▸ The task
Please retype only the lines below that run from the one containing "Stijgende inflatie volgens" through the last line, both included, without altering a word.

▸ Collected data
--- START ---

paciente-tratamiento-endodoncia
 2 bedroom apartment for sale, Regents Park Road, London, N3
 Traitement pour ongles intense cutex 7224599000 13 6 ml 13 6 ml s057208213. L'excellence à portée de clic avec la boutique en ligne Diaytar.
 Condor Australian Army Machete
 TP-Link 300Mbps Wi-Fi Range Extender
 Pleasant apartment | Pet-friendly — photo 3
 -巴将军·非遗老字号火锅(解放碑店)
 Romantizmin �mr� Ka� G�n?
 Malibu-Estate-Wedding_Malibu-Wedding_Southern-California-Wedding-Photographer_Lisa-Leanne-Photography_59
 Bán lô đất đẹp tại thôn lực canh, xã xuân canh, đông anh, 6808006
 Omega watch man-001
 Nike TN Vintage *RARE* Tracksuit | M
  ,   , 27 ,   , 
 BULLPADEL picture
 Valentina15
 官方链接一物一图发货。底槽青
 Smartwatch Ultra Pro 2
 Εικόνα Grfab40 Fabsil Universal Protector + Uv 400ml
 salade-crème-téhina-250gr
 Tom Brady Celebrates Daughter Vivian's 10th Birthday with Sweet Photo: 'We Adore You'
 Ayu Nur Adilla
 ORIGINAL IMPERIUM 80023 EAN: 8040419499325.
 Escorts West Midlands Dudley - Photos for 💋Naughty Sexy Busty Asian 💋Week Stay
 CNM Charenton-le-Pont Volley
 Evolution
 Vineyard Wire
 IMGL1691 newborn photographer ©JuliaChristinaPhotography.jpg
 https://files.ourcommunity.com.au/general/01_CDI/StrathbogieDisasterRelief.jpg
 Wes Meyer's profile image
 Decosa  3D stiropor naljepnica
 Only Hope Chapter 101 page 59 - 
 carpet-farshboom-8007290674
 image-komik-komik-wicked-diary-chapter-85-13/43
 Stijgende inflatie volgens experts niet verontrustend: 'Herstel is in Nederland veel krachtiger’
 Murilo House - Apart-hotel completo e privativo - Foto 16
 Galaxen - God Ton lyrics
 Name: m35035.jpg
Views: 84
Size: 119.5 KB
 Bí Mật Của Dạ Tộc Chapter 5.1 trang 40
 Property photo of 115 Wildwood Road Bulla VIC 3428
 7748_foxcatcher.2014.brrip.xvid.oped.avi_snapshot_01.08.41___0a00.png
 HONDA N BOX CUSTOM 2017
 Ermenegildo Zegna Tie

--- END ---

▸ Exercise answer
 Stijgende inflatie volgens experts niet verontrustend: 'Herstel is in Nederland veel krachtiger’
 Murilo House - Apart-hotel completo e privativo - Foto 16
 Galaxen - God Ton lyrics
 Name: m35035.jpg
Views: 84
Size: 119.5 KB
 Bí Mật Của Dạ Tộc Chapter 5.1 trang 40
 Property photo of 115 Wildwood Road Bulla VIC 3428
 7748_foxcatcher.2014.brrip.xvid.oped.avi_snapshot_01.08.41___0a00.png
 HONDA N BOX CUSTOM 2017
 Ermenegildo Zegna Tie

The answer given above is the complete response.